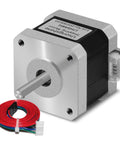 Built Different Nema 17 Stepper Motor With One Meter Cable And Connector 1 5 Amps 60 Oz Inch High Torque 1 8 Degree Step 38mm Body showing connector and wire.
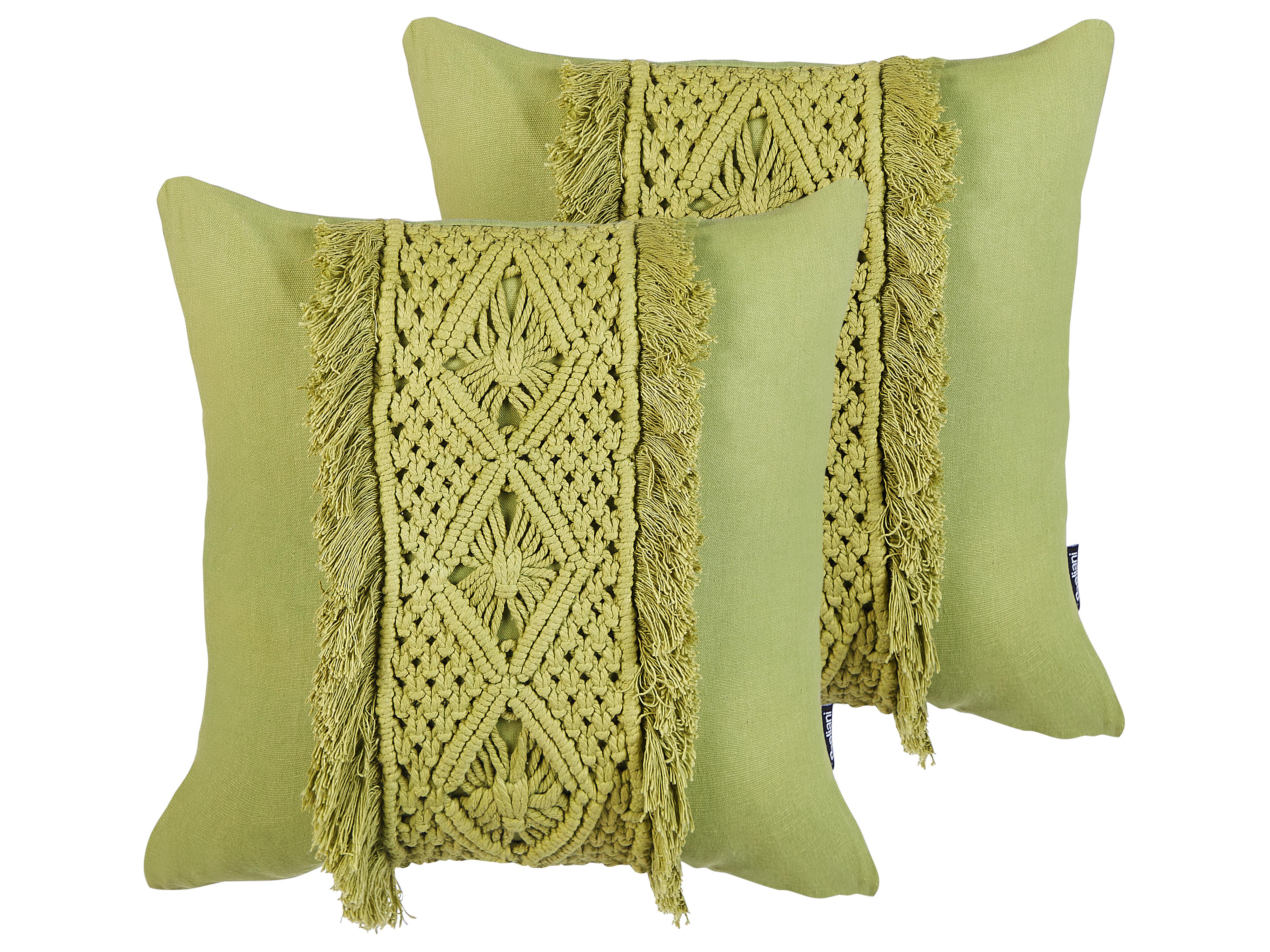 Conjunto de 2 cojines decorativos KALAM Algodón 45 x 45 cm Verde Patrón geométrico
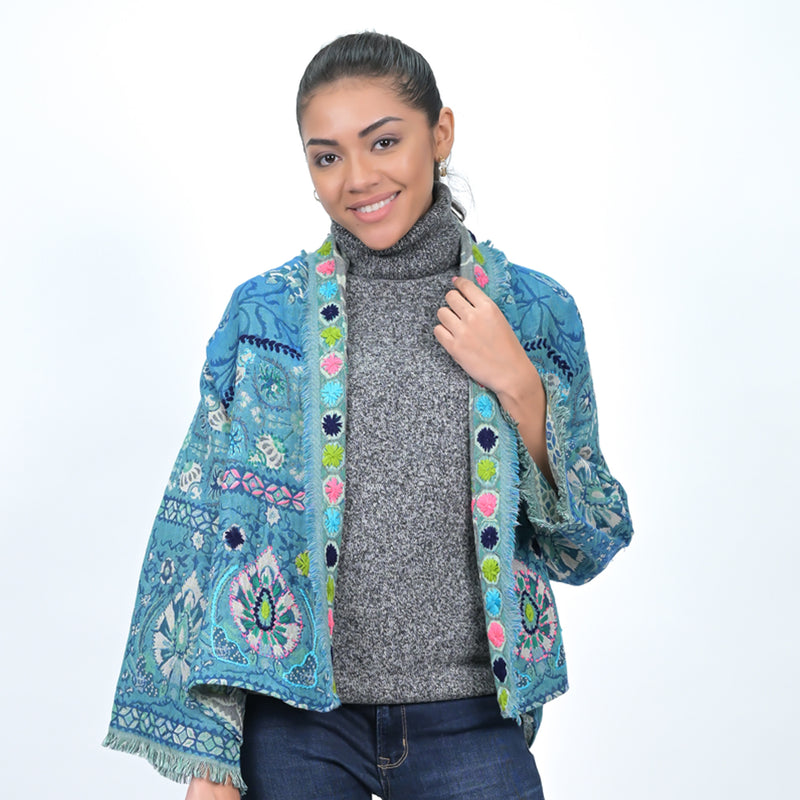 Camellia Floral Jacquard Kimono - Marine Blue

========

_REQUIRED WORK_
If the material above contains pictures, exclude them from an otherwise exact transcription.

_EXERCISE SOLUTION_
 Built Different Nema 17 Stepper Motor With One Meter Cable And Connector 1 5 Amps 60 Oz Inch High Torque 1 8 Degree Step 38mm Body showing connector and wire.
 Conjunto de 2 cojines decorativos KALAM Algodón 45 x 45 cm Verde Patrón geométrico
 Camellia Floral Jacquard Kimono - Marine Blue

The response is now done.